▶ EXERCISE DESCRIPTION:
What should be copied is the stretch of entries below from the line with "Once it loads" up to and including the line with "Hello everyone, welcome", exactly and without images.

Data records
>>>>>
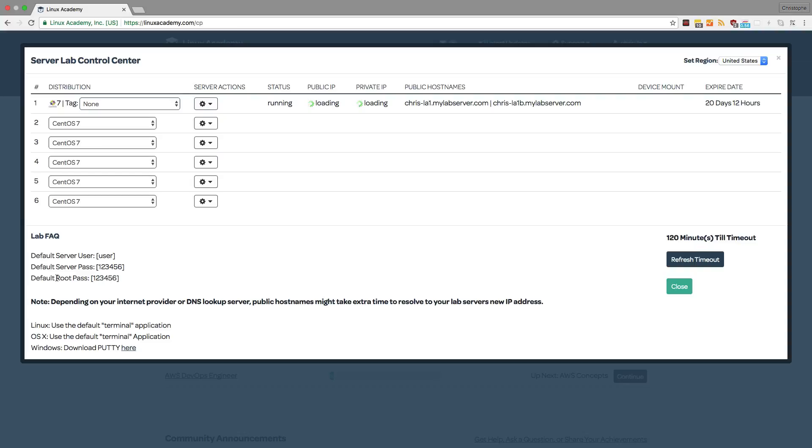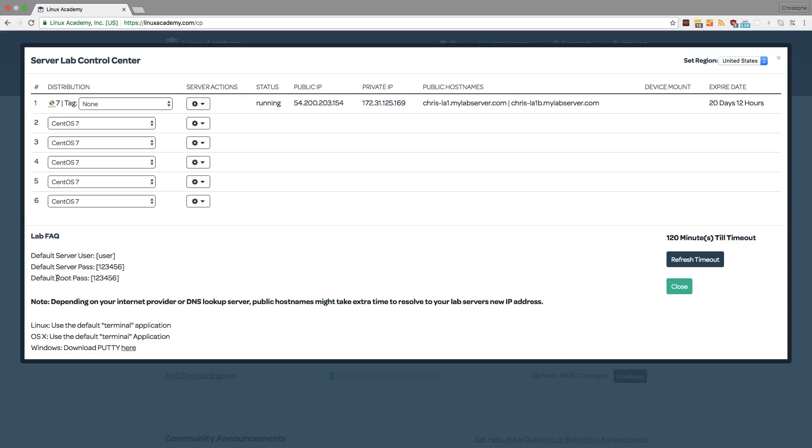From there, you can follow along and practice what you're learning in the lessons at no extra cost, because otherwise, if you launch these servers on a cloud provider, you would be charged depending on how long you use the servers for. But instead, we include this cost in your membership, so you can safely play around and learn without worrying about cost.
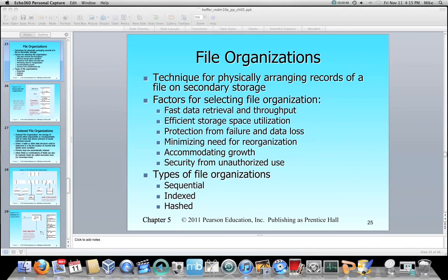We have different choices on how to organize files, and this is not an exhaustive list, but it'll suffice for this lecture. So why would we choose one over the other? Essentially it all started out with sequential, where you just load your data onto disk as the data gets entered. That's probably the easiest to understand. But designers of databases realized that there had to be a faster way of doing that.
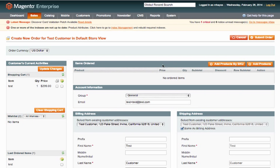Once it loads you'll be taken to a screen where you'll be able to see the customer's current activities. So you'll be able to see what is in their shopping cart, wish list, last order items, etc.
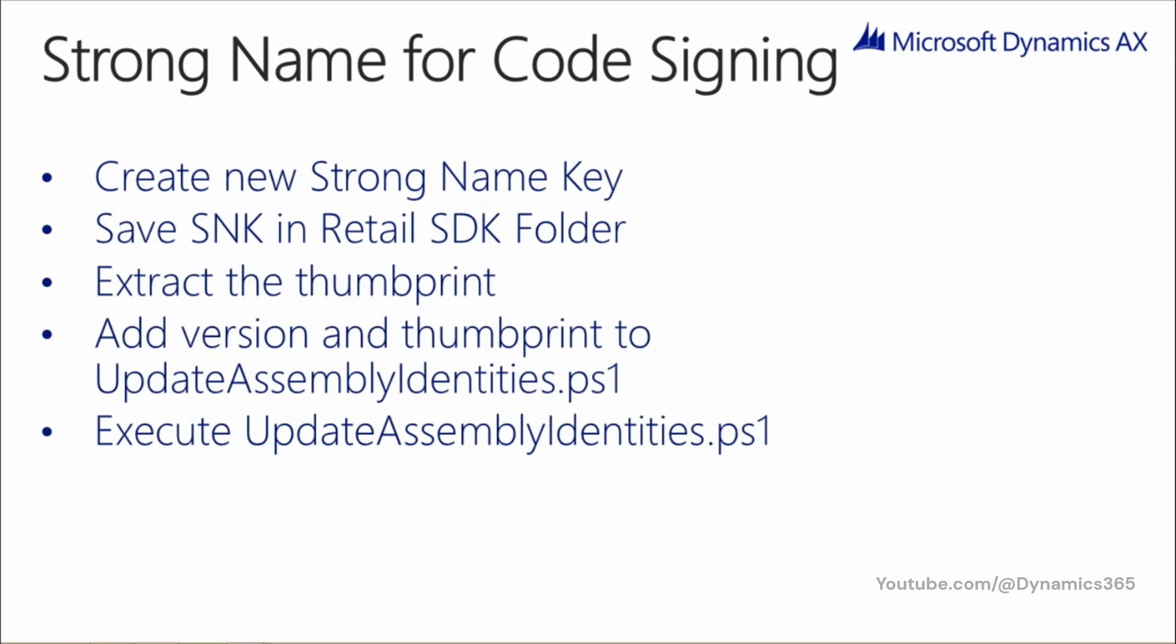Create a new strong name key. Save the strong name key in Retail SDK folder. Extract the thumbprint. Add version and thumbprint to update assembly's identities PS1. Execute the PowerShell script.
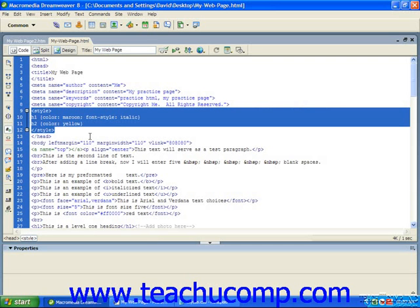Internal style sheets are stored between the head tags, just like external style sheets. Because the coding is placed within your HTML page, however, you have to use the style tags around the rules of the CSS. No attributes are required. Simply type the rules in the same manner as external style sheets.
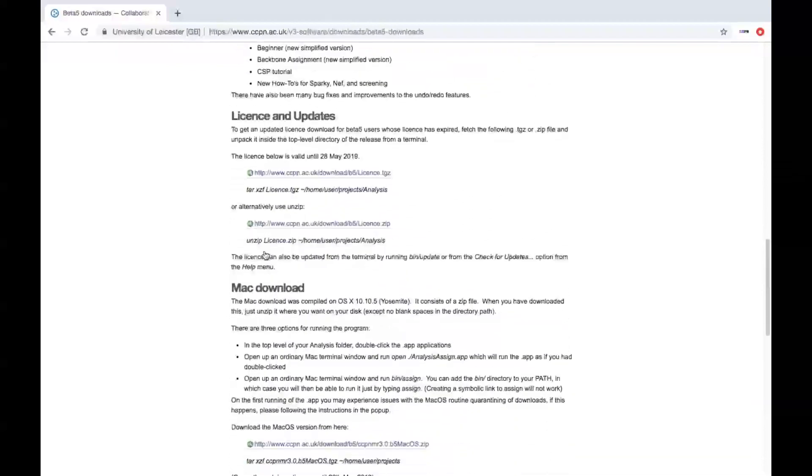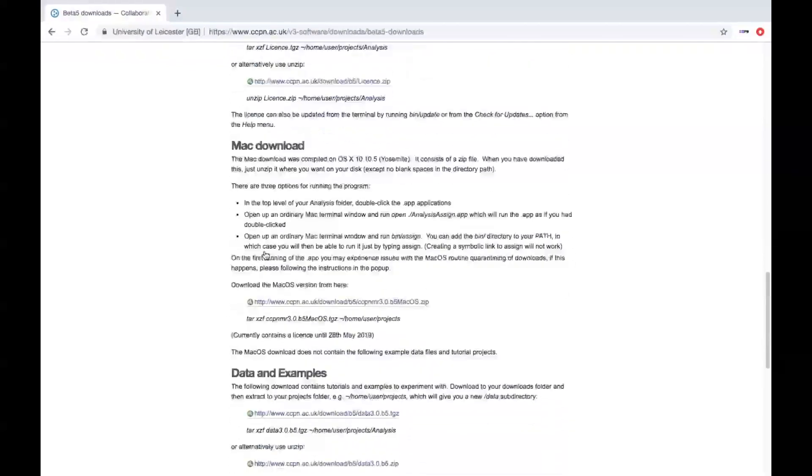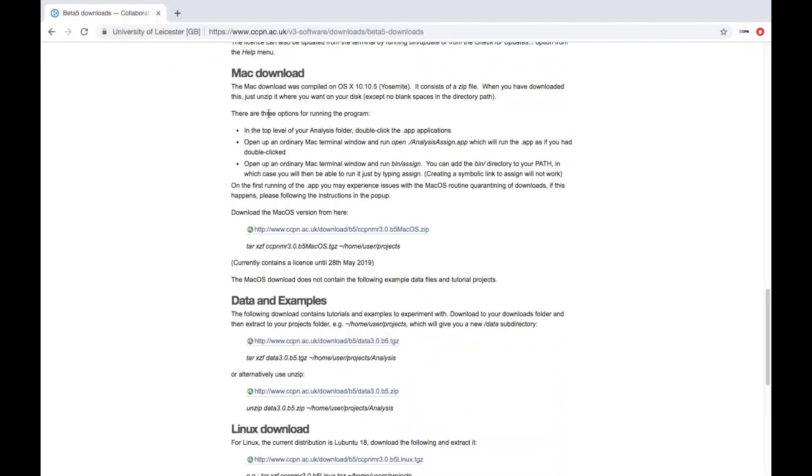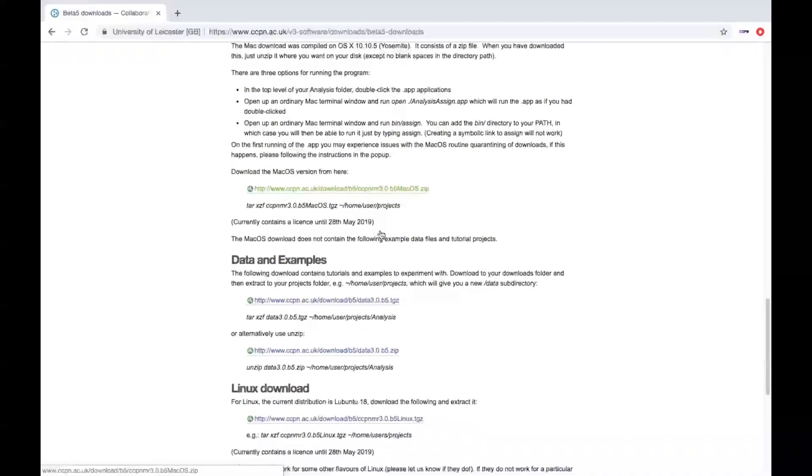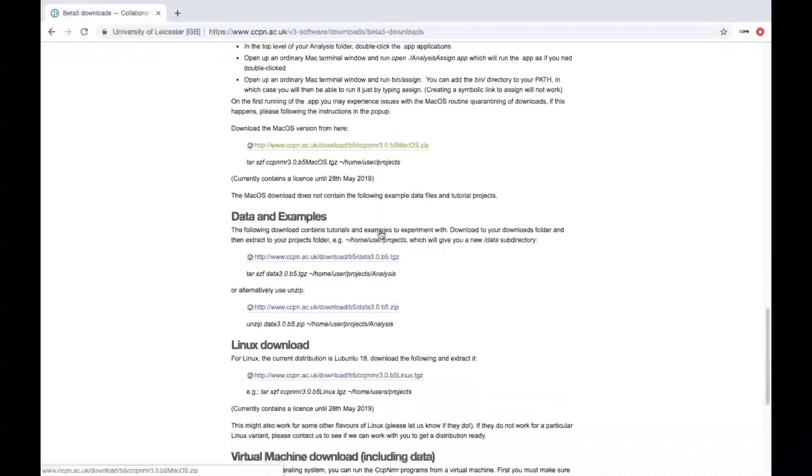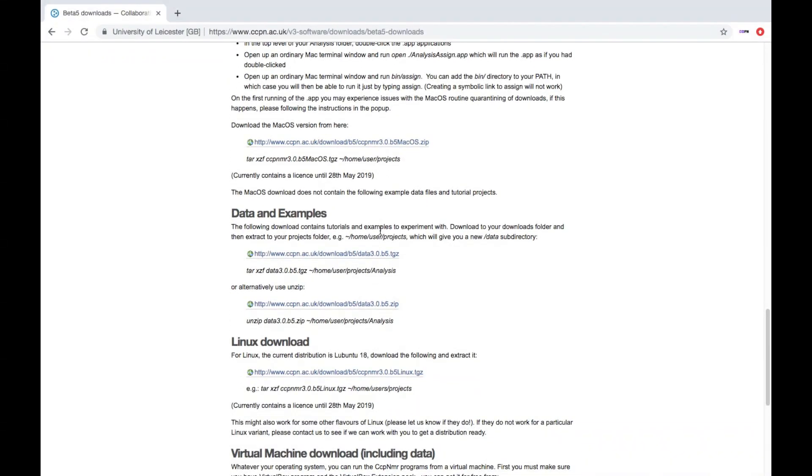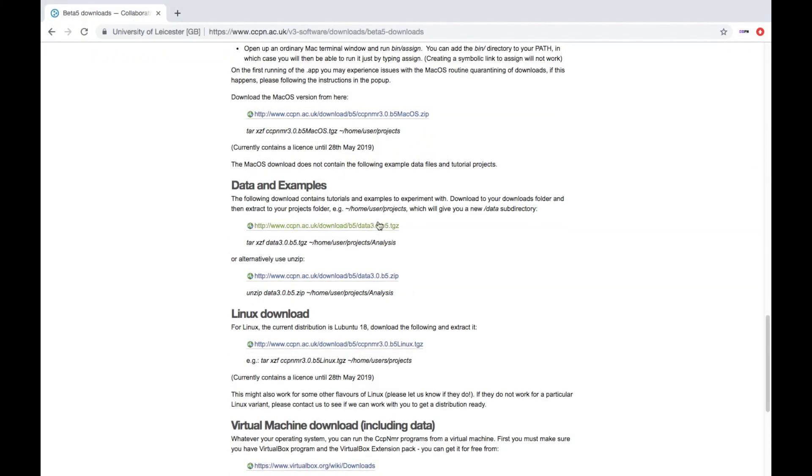As you scroll down, you will find the Mac download, which you can download by clicking on this link here. This doesn't include the tutorial data and example files. You need to download those separately with this TGZ or this zip file.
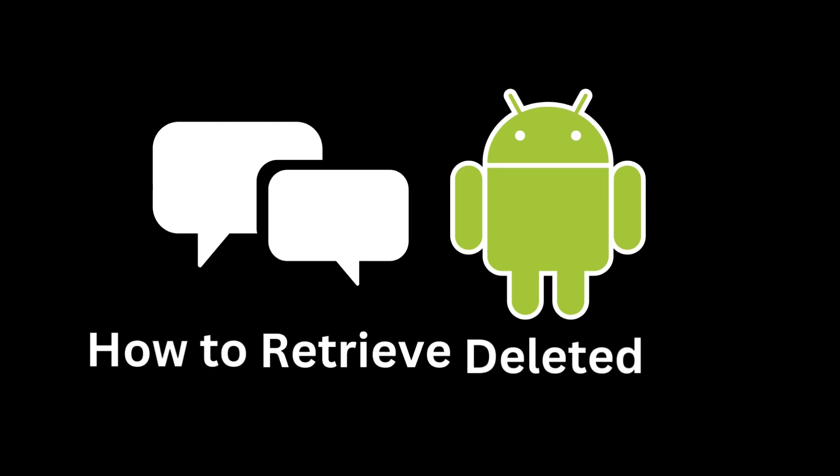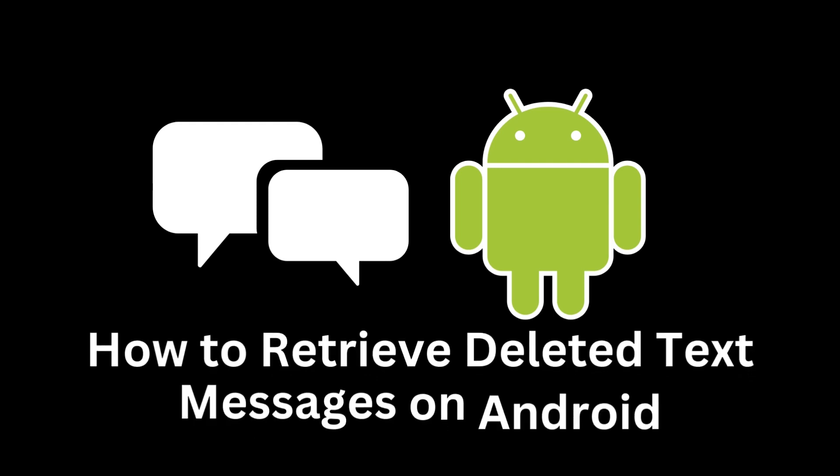Hello everyone, welcome to the new video. Fortunately, there are ways to recover deleted messages on your Android device.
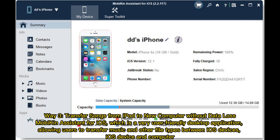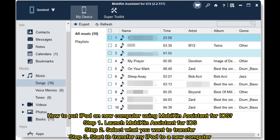Way three: transfer songs from iPod to a new computer without data loss using MobiKin Assistant for iOS, which is a very user-friendly desktop application allowing users to transfer music and other file types between iOS devices and a computer.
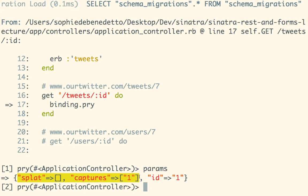Some data in params comes from dynamic segments. Another way to get data into params is from a POST request — submitting a form. The content of those params is determined by the content of your form. In a GET request with a dynamic segment, params is filled with key-value pairs from those segments. In a POST request, params is filled with key-value pairs from the form. That's how data is actually posted.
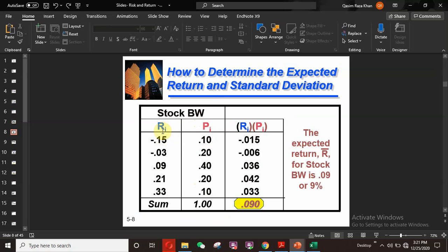In the example table for Stock BW, there are expected returns such as -0.15, -0.03, 0.09, and 0.21. The probabilities of their occurrence are 10%, 20%, 40%, and so on — the sum of all probabilities must equal 100% or 1. When we multiply the returns by their probabilities of occurrence and sum them up, we get 0.09, which is the expected return on Stock BW — that is 9%.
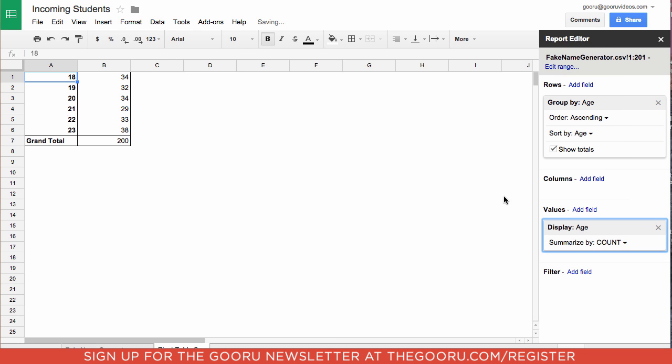Count A is used for counting non-numerical data. As you can see we have a grand total of 200 students, and the majority of them are 23. There are 33 twenty-two year olds, 29 twenty-one year olds, and so forth.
<<<<<
▶ RESULT BELOW:
Once it loads you'll be taken to a screen where you'll be able to see the customer's current activities. So you'll be able to see what is in their shopping cart, wish list, last order items, etc.
Create a new strong name key. Save the strong name key in Retail SDK folder. Extract the thumbprint. Add version and thumbprint to update assembly's identities PS1. Execute the PowerShell script.
Internal style sheets are stored between the head tags, just like external style sheets. Because the coding is placed within your HTML page, however, you have to use the style tags around the rules of the CSS. No attributes are required. Simply type the rules in the same manner as external style sheets.
As you scroll down, you will find the Mac download, which you can download by clicking on this link here. This doesn't include the tutorial data and example files. You need to download those separately with this TGZ or this zip file.
Hello everyone, welcome to the new video. Fortunately, there are ways to recover deleted messages on your Android device.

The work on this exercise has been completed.